More laser discovery

As I stood in my little workshop, waiting for glue to set on the fake Crocs from which the puppy removed significant portions, I noticed the laser portion of my printer dissection. I assumed it would need to be broken open, but now picked it up and saw it had four little plastic tabs – piece of cake!

And very cool! The laser is at the arrow on the right. The hexagonal disk has mirrored edges, and is attached to a motor. The bizarrely-shaped plastic lens is obviously very carefully designed to very precisely deliver incredibly tiny dots at incredibly high speed. The arrow on the left points to a tiny mirror whose purpose remains a mystery to me. Amazing technology.


The plastic bits on the right represent a slightly less amazing technology. I was unable to plug in a Schuko plug to an adaptor (maybe the very one labelled C in this post from 2012). I thought I’d take it apart, which it turns out involved breaking it, but the stuck safety gate shown here dropped out. So I glued the broken parts back together, and voilà – another silly little project done.

 

4 thoughts on “More laser discovery

  1. How brilliant to be techy. Perhaps you take it for granted by now, but it’s really something to be envied.

    1. My father was an engineer. I was always “the artist,” drawing in 2-point perspective at age 5, and now comfortably retired after a series of self-published how-to-draw kids’ books that have sold many millions of copies. But actually doing things methodically is a skill (or maybe it’s just patience) I’ve only built over the years.

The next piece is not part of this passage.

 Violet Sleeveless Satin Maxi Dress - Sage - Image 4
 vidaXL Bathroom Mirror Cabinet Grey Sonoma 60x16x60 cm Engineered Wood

    1. Best I can figure that mirror has to spin 500,000 times per SECOND in in order to produce a printed page in 10 seconds. Hard to imagine how that’s even possible, but I spin that thing next to my ear and hear absolutely nothing! The replacement printer ($90 here; $50 in non-socialist-“paradise” countries) is smaller, with toner cartridge half the size, and cranks out pages twice as fast.